Bangladeshi politician

Lutful Hai Sachchu (লুৎফুল হাই সাচ্চু; 1940 – 22 November 2010) was a Bangladeshi politician and advocate. He was a former member of parliament for Brahmanbaria-3.

== Early life and education ==
Sachchu was born in 1940 to a Bengali family in the village of Mohammadpur-Sohata in Ramrail, Brahmanbaria subdivision, Tipperah District, Bengal Presidency (now Bangladesh). His father, Abdul Hai, was a first-class magistrate in eastern Bengal.

==Career==
Sachchu was elected to the East Pakistan Provincial Assembly as an Awami League candidate for Comilla-3 at the 1970 elections but this assembly was not formed. Then the Bangladesh Liberation War broke out and he became an advisor to Mukti Bahini forces in sectors two and three.

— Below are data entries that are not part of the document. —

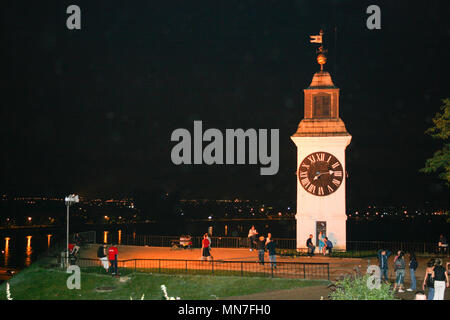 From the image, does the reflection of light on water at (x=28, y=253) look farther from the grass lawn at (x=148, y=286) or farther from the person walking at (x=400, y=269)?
the person walking at (x=400, y=269)

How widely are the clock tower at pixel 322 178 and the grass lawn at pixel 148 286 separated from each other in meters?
11.3

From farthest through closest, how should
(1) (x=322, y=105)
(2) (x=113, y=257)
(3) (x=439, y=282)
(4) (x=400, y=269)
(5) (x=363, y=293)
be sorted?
(1) (x=322, y=105) < (2) (x=113, y=257) < (4) (x=400, y=269) < (3) (x=439, y=282) < (5) (x=363, y=293)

In 1972, he was elected to be the general secretary of the Brahmanbaria Subdivisional Awami League. He served as the president of the Brahmanbaria District Awami League for the rest of his life. Sachchu was elected to Parliament in 2008 from Brahmanbaria-3 as an Awami League candidate. He was a Member of the parliamentary standing committee on commerce ministry.

==Death==
Sachchu died on 22 November 2010 in his home in Gulshan Thana, Dhaka, from a cardiac arrest.